▶ **Task instructions**
In the records below, the part to copy starts at the line containing "Selling The View: Why" and goes to the last line; output it exactly, without pictures.

====== Input

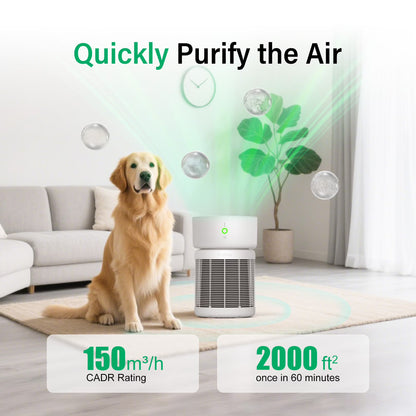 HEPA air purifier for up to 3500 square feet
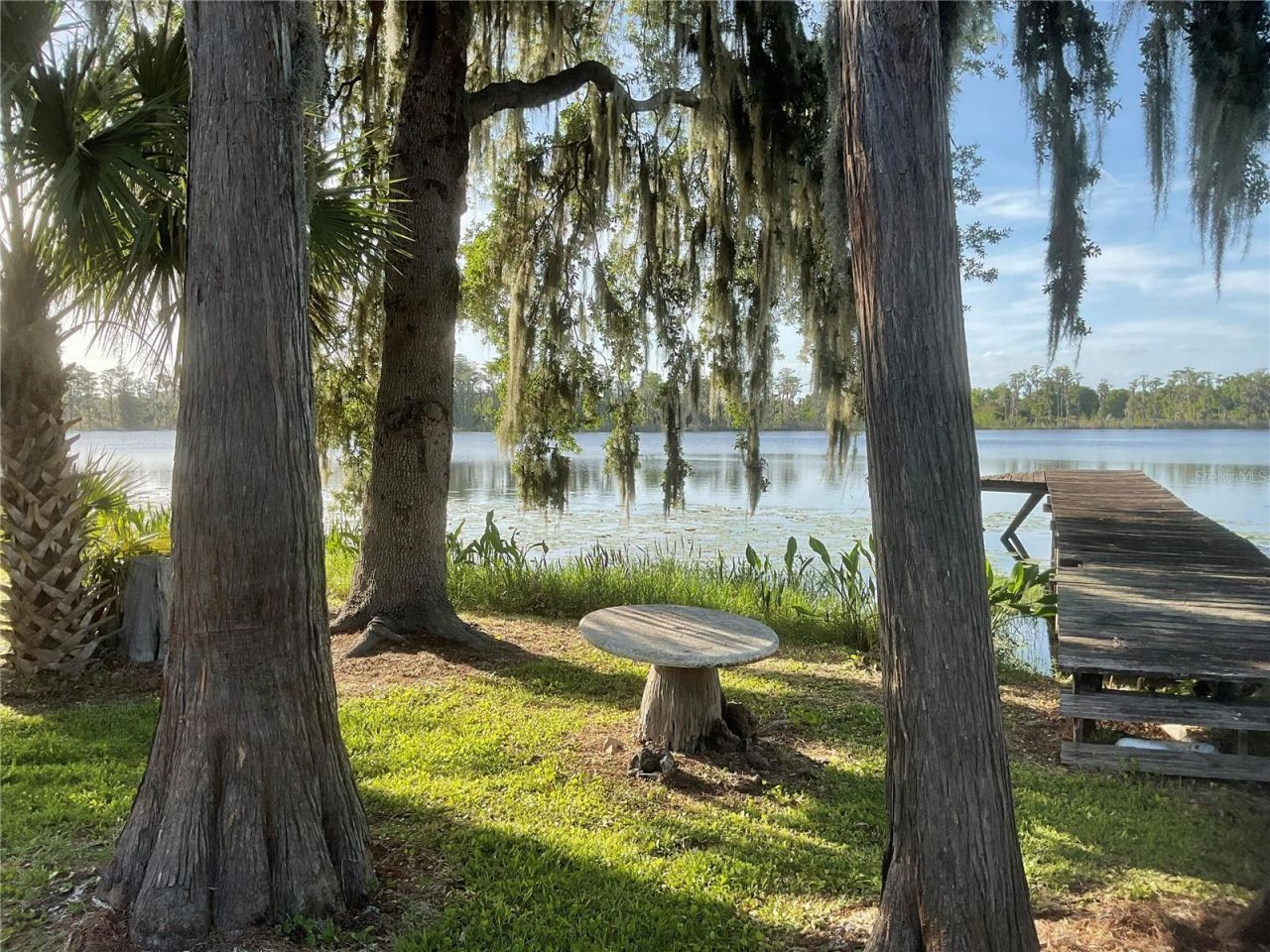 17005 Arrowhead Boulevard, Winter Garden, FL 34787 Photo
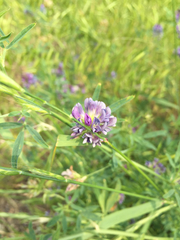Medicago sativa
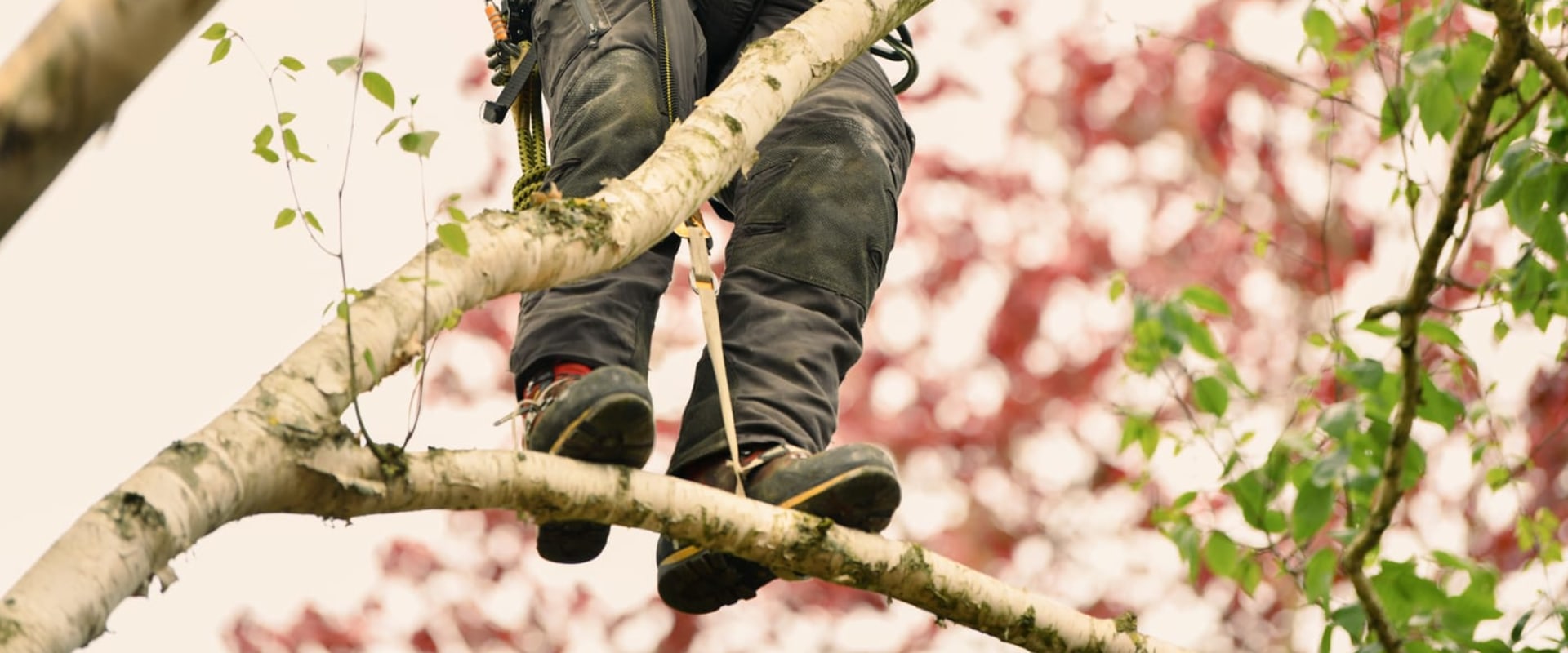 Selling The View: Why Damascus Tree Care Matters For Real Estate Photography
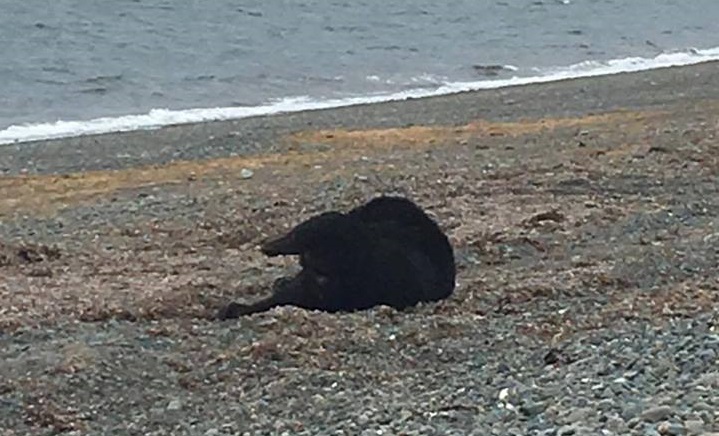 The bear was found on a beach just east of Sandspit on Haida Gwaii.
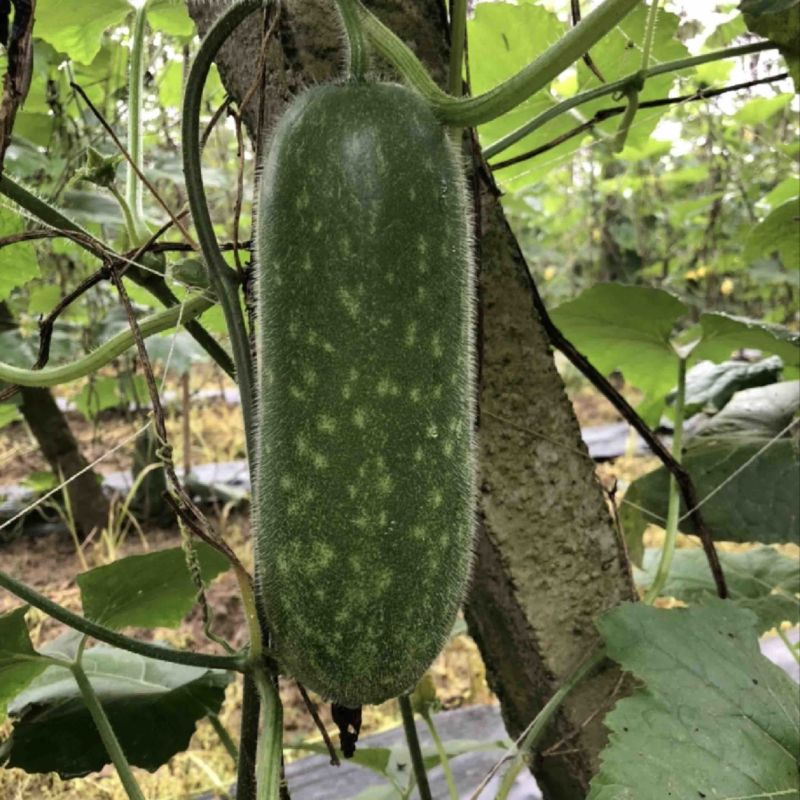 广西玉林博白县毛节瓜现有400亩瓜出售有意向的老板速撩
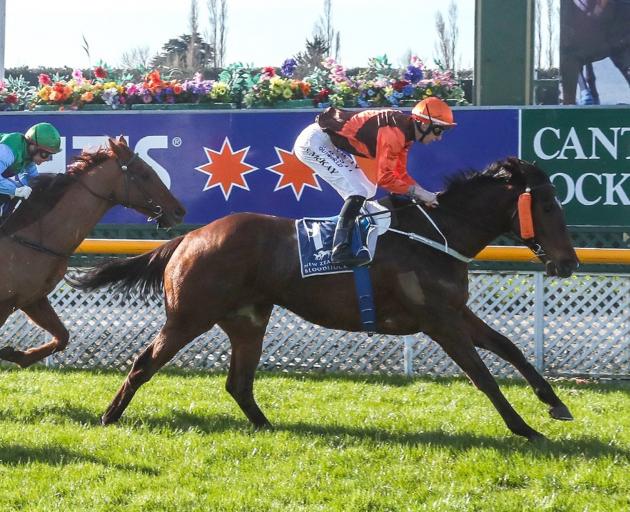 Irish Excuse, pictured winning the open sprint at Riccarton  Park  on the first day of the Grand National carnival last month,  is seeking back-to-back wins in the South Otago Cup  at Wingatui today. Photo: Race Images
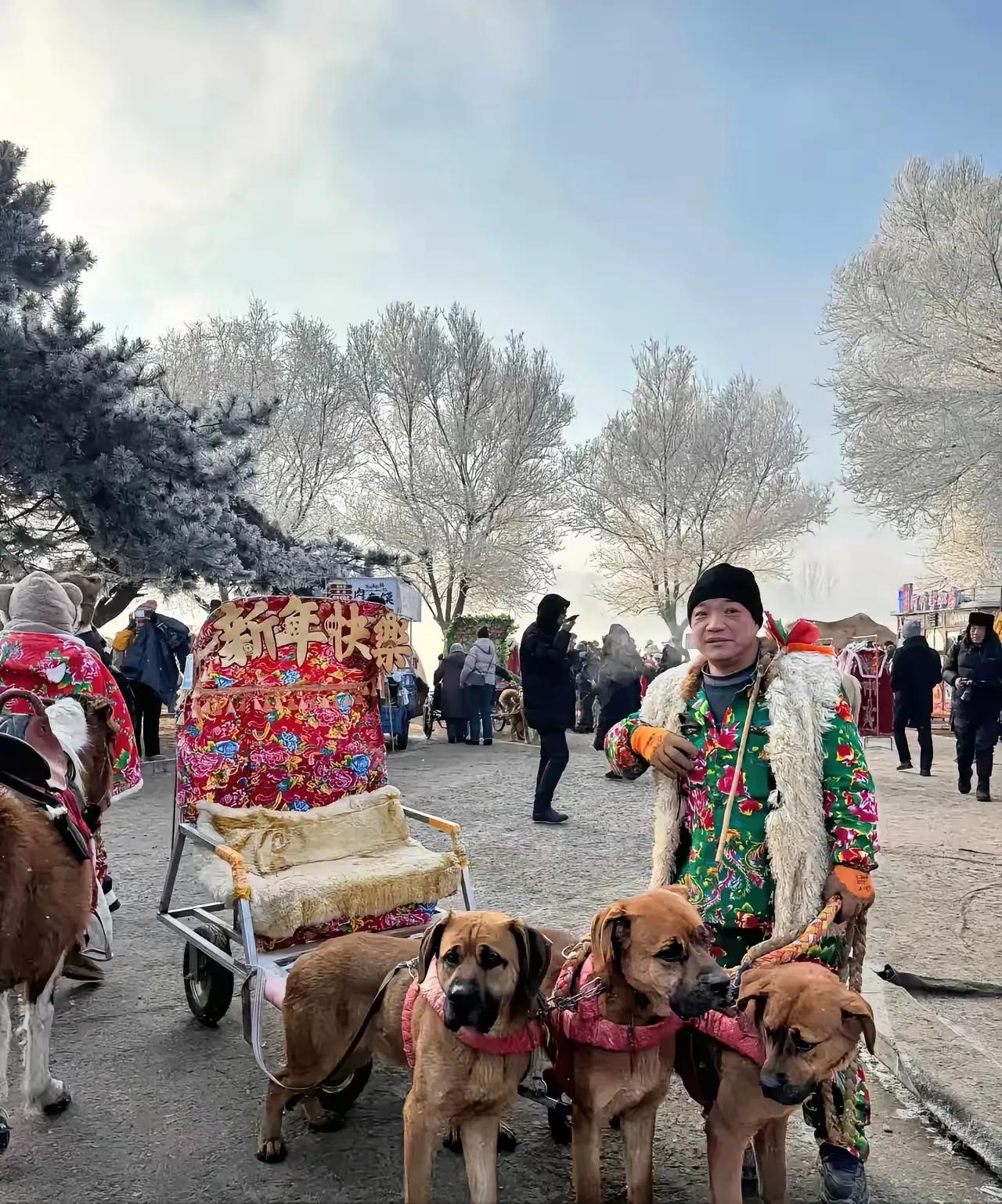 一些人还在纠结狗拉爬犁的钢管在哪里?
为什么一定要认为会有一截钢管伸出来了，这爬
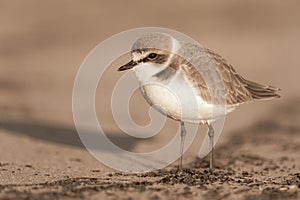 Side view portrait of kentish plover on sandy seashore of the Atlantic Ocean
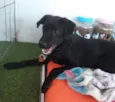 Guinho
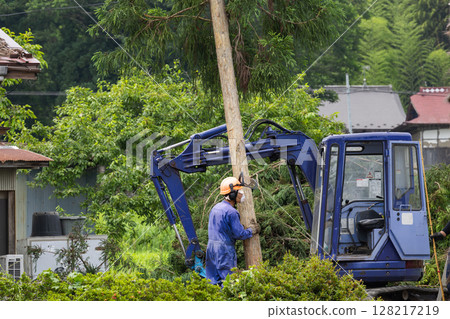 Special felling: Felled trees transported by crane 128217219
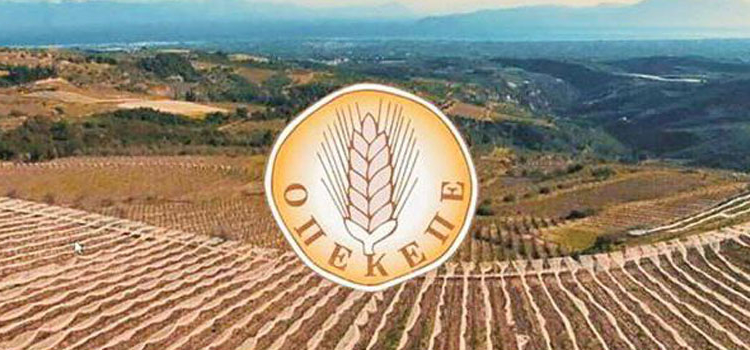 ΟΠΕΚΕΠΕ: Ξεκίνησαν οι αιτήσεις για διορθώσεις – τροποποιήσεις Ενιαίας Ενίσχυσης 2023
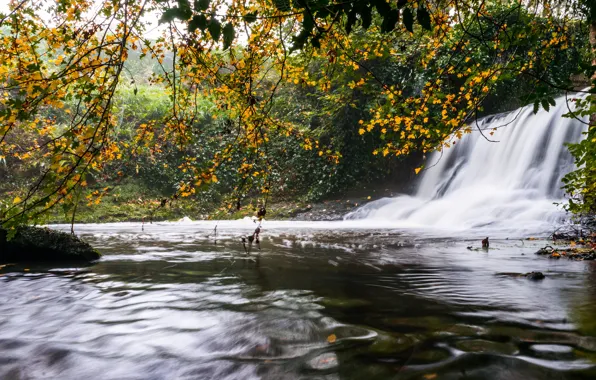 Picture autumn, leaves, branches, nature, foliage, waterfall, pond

============

▶ **Answer space**
 Selling The View: Why Damascus Tree Care Matters For Real Estate Photography
 The bear was found on a beach just east of Sandspit on Haida Gwaii.
 广西玉林博白县毛节瓜现有400亩瓜出售有意向的老板速撩
 Irish Excuse, pictured winning the open sprint at Riccarton  Park  on the first day of the Grand National carnival last month,  is seeking back-to-back wins in the South Otago Cup  at Wingatui today. Photo: Race Images
 一些人还在纠结狗拉爬犁的钢管在哪里?
为什么一定要认为会有一截钢管伸出来了，这爬
 Side view portrait of kentish plover on sandy seashore of the Atlantic Ocean
 Guinho
 Special felling: Felled trees transported by crane 128217219
 ΟΠΕΚΕΠΕ: Ξεκίνησαν οι αιτήσεις για διορθώσεις – τροποποιήσεις Ενιαίας Ενίσχυσης 2023
 Picture autumn, leaves, branches, nature, foliage, waterfall, pond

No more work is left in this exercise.